Often at comic shows or the quarter bins, I'm replacing books I used to have but somehow lost. I had a flood a few years back that took a lot of books; I've lent out dozens that never made it back to me; I've even sold a book or two. Today's book I may have thrown out a window...from 1990, Avengers Spotlight #37, "Interlude in a Peaceable Kingdom!" Written by Roy and Dann Thomas, art by Bob Hall, inks by Win Mortimer. Before I should go on, I should point out all the above creators have done work I've liked far, far more than this issue! But, they only have so much to work with here, "The Reincarnation of Doctor Druid!"

This was the first of four issues of Avengers Spotlight--which was mostly terrible every issue I ever saw of it--under the heading "Avengers Reborn." The next three were Tigra, the Black Knight, and the Vision, and I haven't read them and thus shouldn't badmouth them sight unseen. But this issue starts with Dr. Druid, amnesiac and lost in an Eden-like paradise, with a blonde in a torn-up costume and telling pinstriped thigh-high boots. Suffering from nightmares and feeling he has to find the truth, Druid uses his mental powers to dig through his thoughts and drudge through his origin and history: years ago, in the Himalayas, Druid tried to save the life of an aged lama, who on his deathbed bequeathed Druid powers to fight "sinister occult forces." Which he did for some time, until he eventually joined the Avengers; but fell under the control of the mysterious Nebula. Nebula had at various times claimed to be the granddaughter of Thanos, and worn the uniform of Kang the Conqueror, and appeared as an alien with blue skin, or a blonde beauty that somehow was still interested in Druid. Regaining his memory, Nebula likewise regains hers, and they realize their "Eden" was merely a shared hallucination, and they're still in the time bubble of the Renegade Celestial they fell into when last seen.

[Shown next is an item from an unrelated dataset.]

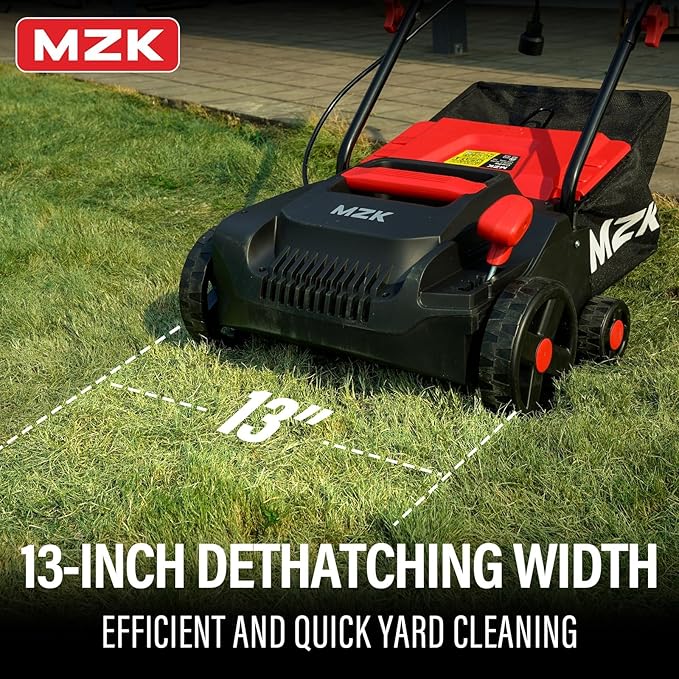 MZK 13-inch 13-Amp 2-in-1 Electric Dethatcher and Scarifier w/Removeable 4-Position Height Adjustment,Lawn dethatcher w/8-Gallon Thatch Collection Bag,Keep Lawn Health (DS13A04)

Nebula absorbs "anti-time" power, and returns herself and Druid to earth, in 1961. And Lincoln, Nebraska. There, Nebula figures there will be no super-heroes to stop her, and casts Druid out. Inexplicably, Druid lands in Tibet, outside the lamasery where he first got his powers. Druid runs through his origin again, but this time, the "lama" reveals the truth: Druid was a test case. The "lama" was actually the Ancient One, who needed to test his ability to pass on his powers, and create an interim mystic champion until Doctor Strange was ready. Druid isn't even mad about this, because "it's not everybody who gets to be point man for a Sorcerer Supreme!" (This is all pretty meta, since Druid was formerly "Dr. Droom" and was pretty much the beta version of Dr. Strange.) Druid feels his missteps, like his Avengers tenure, were the results of him feeling like a second-rater; but he did succeed at his previously unmentioned and unknown to him mission, so now he thinks he can step up to Nebula.
Meanwhile, Nebula is terrorizing 1961's Lincoln, Nebraska. Fun fact: I hate this page.
Druid uses some borrowed Celtic artifacts to manifest himself threefold: a young version, if he'd had his powers then; the present balding one, and a geezer. This actually has a bit of druid-ness to it--just a bit. Druid reflects Nebula's anti-time blast back at her, and that's pretty much all she wrote. Druid wakes up in 1990 Lincoln, and realizes he somehow is still the younger version of himself. He doesn't know how long it'll last, so merely resolves to enjoy: "Maybe this time I'll even keep my hair!"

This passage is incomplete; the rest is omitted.